--- Work required ---
Include in the output exactly the lines from the opening of the data through the line containing "Pornhub blocca l'accesso", and nothing more.

[Stored data entries]

+ + +

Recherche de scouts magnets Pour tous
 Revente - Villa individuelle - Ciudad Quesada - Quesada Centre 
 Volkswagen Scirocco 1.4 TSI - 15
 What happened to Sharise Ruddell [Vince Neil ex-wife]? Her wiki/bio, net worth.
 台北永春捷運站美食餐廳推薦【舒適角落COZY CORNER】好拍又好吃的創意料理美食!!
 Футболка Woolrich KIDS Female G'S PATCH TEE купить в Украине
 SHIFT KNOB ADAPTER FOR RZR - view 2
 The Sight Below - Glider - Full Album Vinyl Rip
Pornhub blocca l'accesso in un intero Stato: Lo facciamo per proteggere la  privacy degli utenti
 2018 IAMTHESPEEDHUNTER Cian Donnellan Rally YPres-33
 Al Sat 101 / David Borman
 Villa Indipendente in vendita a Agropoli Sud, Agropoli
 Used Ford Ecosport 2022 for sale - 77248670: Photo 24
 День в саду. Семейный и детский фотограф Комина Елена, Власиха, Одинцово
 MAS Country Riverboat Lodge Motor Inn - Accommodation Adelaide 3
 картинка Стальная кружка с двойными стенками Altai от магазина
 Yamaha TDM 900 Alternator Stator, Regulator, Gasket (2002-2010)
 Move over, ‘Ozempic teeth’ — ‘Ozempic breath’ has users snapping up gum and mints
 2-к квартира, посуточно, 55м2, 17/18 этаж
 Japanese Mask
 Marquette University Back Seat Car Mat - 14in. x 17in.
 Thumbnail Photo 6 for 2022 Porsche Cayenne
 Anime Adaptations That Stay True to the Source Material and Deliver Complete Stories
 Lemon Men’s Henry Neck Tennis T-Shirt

+ + +

--- Solution to the exercise ---
Recherche de scouts magnets Pour tous
 Revente - Villa individuelle - Ciudad Quesada - Quesada Centre 
 Volkswagen Scirocco 1.4 TSI - 15
 What happened to Sharise Ruddell [Vince Neil ex-wife]? Her wiki/bio, net worth.
 台北永春捷運站美食餐廳推薦【舒適角落COZY CORNER】好拍又好吃的創意料理美食!!
 Футболка Woolrich KIDS Female G'S PATCH TEE купить в Украине
 SHIFT KNOB ADAPTER FOR RZR - view 2
 The Sight Below - Glider - Full Album Vinyl Rip
Pornhub blocca l'accesso in un intero Stato: Lo facciamo per proteggere la  privacy degli utenti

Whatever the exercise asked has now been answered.